Tribute to floor furnaces
Purely nostalgic and random tribute to a technology that has disappeared with little trace. In Okla (and presumably other Southern states) floor furnaces were nearly universal from the '20s through the '50s. Around 1960 new houses started using forced-air heat, and by 1980 most floor furnaces had been replaced by forced-air. The switch to central heating and cooling systems was chiefly motivated by the cooling side. An Okla house needs 7 months of full-time AC and 4 months of part-time heat.
Despite their universality, I haven't found a single reference to floor furnaces in architecture books and planbooks of that era. All the specifications and pictures show central heating plants, either gravity furnaces ('octopus style') or steam radiators.
Undoubtedly the floor furnace was inefficient in numerical terms. It heated only one room unless you kept all the internal doors open. Most of its warmth went up to the ceiling and stayed there unless you had a ceiling fan to encourage convection. (Usually the bedrooms and bathroom had free-standing unvented heaters, which were rather dangerous and unsatisfying.)

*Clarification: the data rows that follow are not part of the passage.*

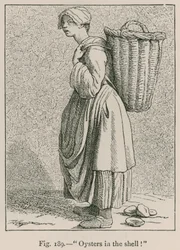 Huîtres en coquille!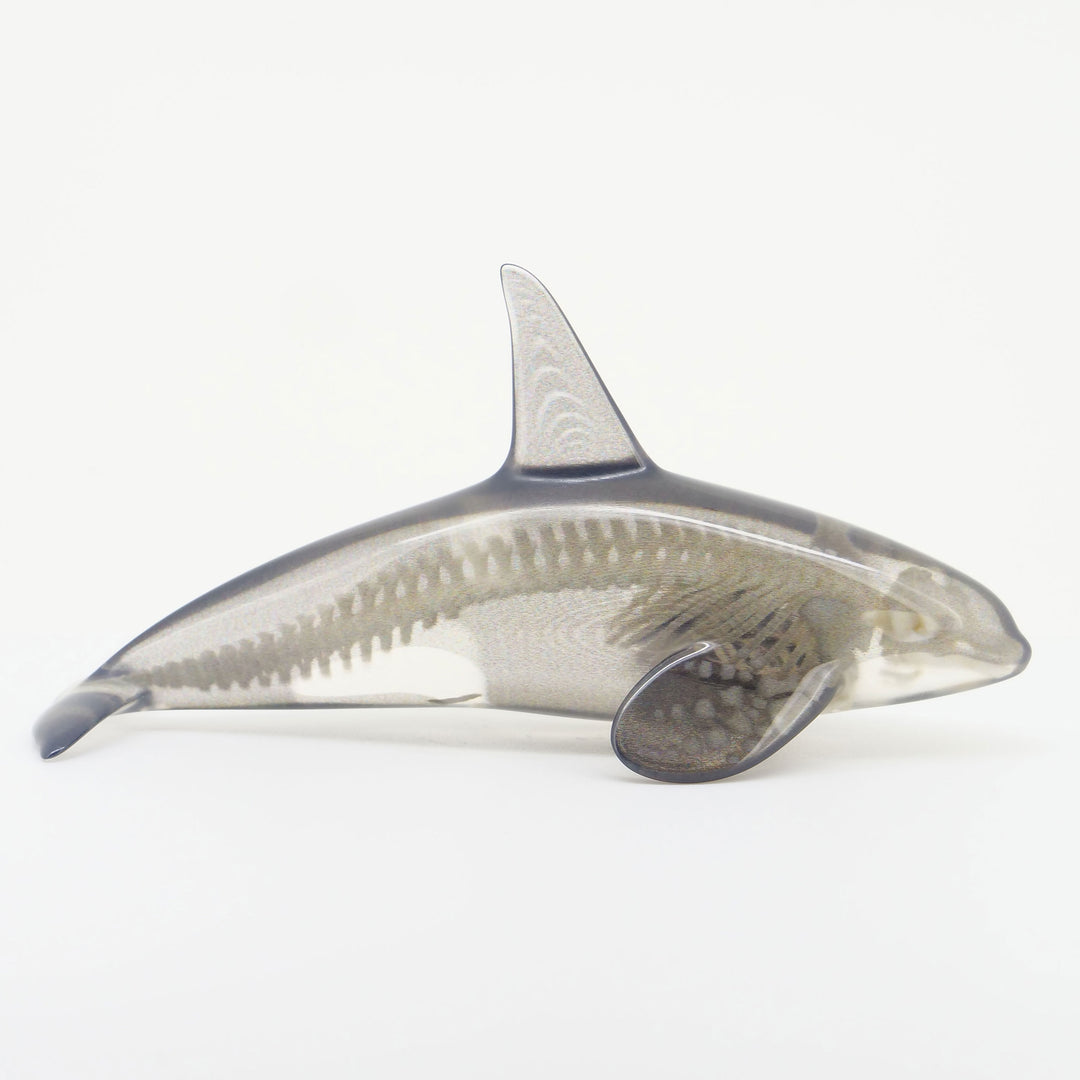 玉骨標本　カラー版　シャチ　Sサイズ　半完成品(研磨なし)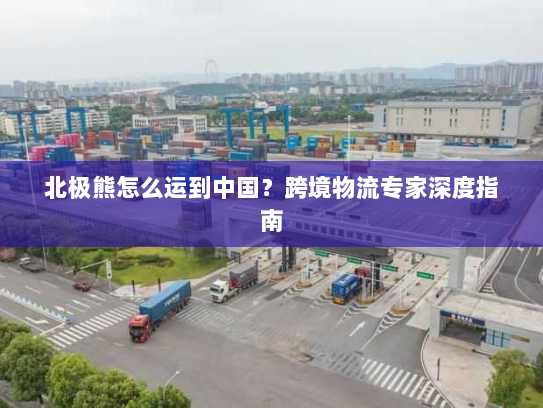 北极熊怎么运到中国？跨境物流专家深度指南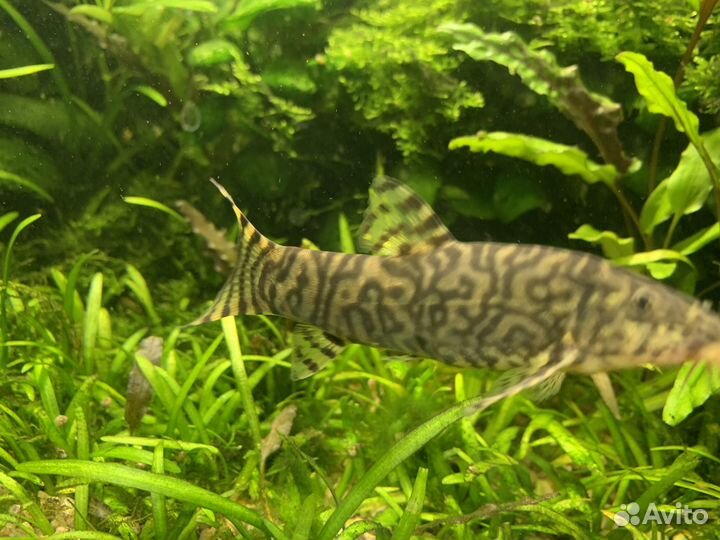 Боция мраморная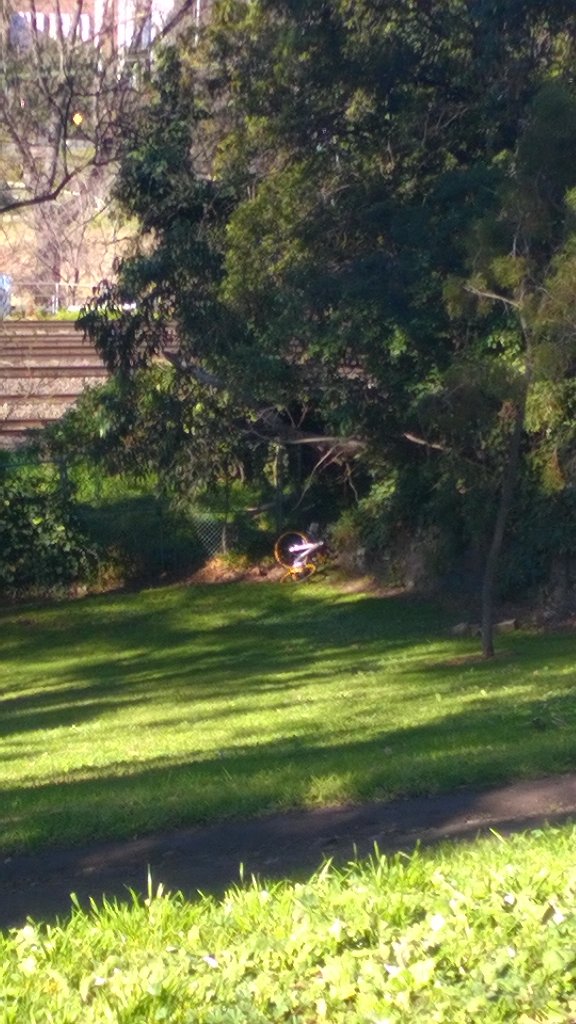 mirandadc's tweet photo. I spy a #yellowbike dumped in Darling st. park Sth. Yarra. https://t.co/CJhqPtt2Ci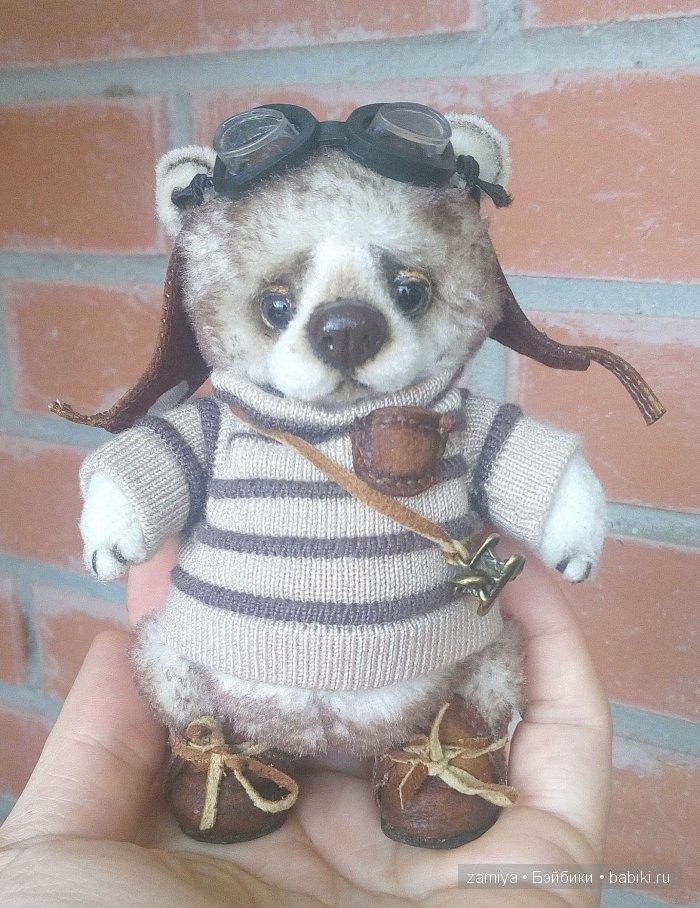 Френки - мой мишка тедди - пилот без самолета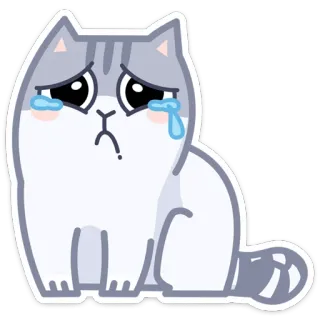 😢 gato, triste, chorando, lágrima, fofo, desenho, animal whatsapp sticker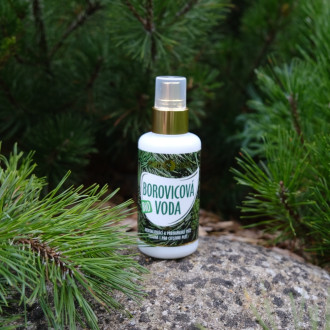 PURITY VISION Bio Pine Water 100 ml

But there's more to house heating than pure thermodynamics. After all, the purpose of heating a house is human comfort, not measured temperature; and the floor furnace provided more sheer comfort than any forced-air system.
After a shower, or after coming in from the cold, you could straddle a floor furnace and purr with pleasure, instantly warm from head to toe.
Forced-air registers simply can't match the experience. They blow warmish air part of the time, cold air part of the time, and no air most of the time.
The floor furnace had one important practical advantage. Because it didn't depend on electricity it continued working through a power outage, which is a fairly common occurrence in ice-storm-prone Okla.
In my Okla wanderings during the 1970s, the supposed inefficiency wasn't reflected in high gas bills. I don't recall dollar amounts, but I do remember that I never had to postpone paying a gas bill, while I sometimes had to skip the phone or electric.
Just as fireplaces require a set of equipment, the floor furnace had its own special accessories which tended to stay with the furnace even in poorly-maintained rental houses. There was a T-handled valve turner that reached through the grate to control the main and pilot valves, and a long match-holding 'reacher' that poked through the access port to light the pilot. The reacher required a fair amount of dexterity. Strike a wooden match, stab its cold end into the hole in the reacher, turn on the pilot valve, and quickly maneuver the match down to the pilot.